O ICB possui, atualmente, cerca de 150 pesquisadores, sem contar o número de cientistas associados. Também está entre as quatro instituições de ensino que mais recebem investimentos da Fundação de Amparo à Pesquisa do Estado de São Paulo (Fapesp) - cujo volume mais expressivo de recursos é destinado à área de saúde.

Giorgetti, que atualmente desenvolve a pesquisa intitulada "Doença de Parkinson e modelos animais de neuroproteção", tem o apoio da Fundação na modalidade Auxílio à Pesquisa - Regular.

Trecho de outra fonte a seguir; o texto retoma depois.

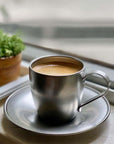 Stainless steel vintage inox cup and saucer with coffee on a windowsill, greenery in background.
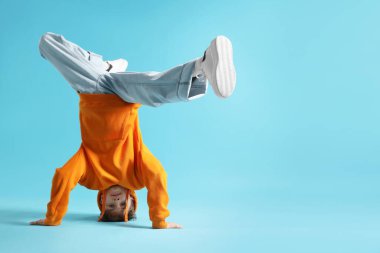 Açık mavi arka planda dans eden şık elbiseli çocuk, metin için yer var.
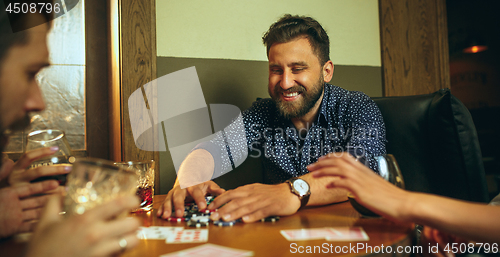 Image of Side view photo of friends sitting at wooden table. Friends having fun while playing board game.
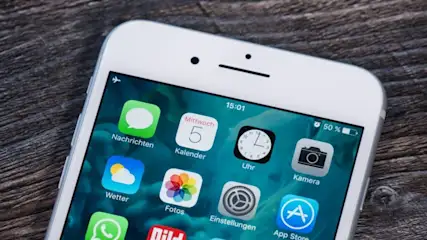 Nahaufnahme eines weißen Smartphones mit Apps auf einem Tisch. Apps wie Nachrichten, Kalender, Uhr und Kamera sind zu sehen.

De acordo com ele, o ICB contribui de forma marcante nos rankings internacionais em que a USP se destaca entre as 100 melhores instituições de ensino no mundo. "O instituto é, sem dúvida, uma das mais ativas e produtivas unidades da USP. E a produtividade científica é um dos indicadores que mais pesam nesses rankings", diz.

Ao longo dos 40 anos de existência do ICB, os fatos mais marcantes, segundo o docente, estão ligados à consolidação da infraestrutura de pesquisa. "Não só física e não só para pesquisa, mas também para ensino e extensão. Hoje o ICB tem quatro prédios e dois anexos. Atingimos um patamar muito satisfatório e adequado para a pesquisa que gostaríamos de realizar. Esse avanço foi muito grande, e a Fapesp tem um papel fundamental nessa conquista", destaca.

O pesquisador destaca ainda a consolidação dos sete programas de pós-graduação que contam atualmente com cerca de 600 pós-graduandos, além de 100 pós-doutorandos. "Temos também um posto avançado em Rondônia, que existe há 15 anos. É um posto que faz pesquisas sobre doenças tropicais e presta assistência para a população da região", diz.

Durante este ano, o instituto realizará eventos internacionais, como o "simpósio internacional de imunologia", que ocorrerá no mês de fevereiro.

De acordo com o Giorgetti, serão realizados também outros eventos de caráter internacional até o final do ano. "Queremos olhar para o ICB nos últimos 40 anos, mas também queremos projetá-lo para o futuro com o objetivo de conseguir uma interação cada vez maior com instituições internacionais", salienta.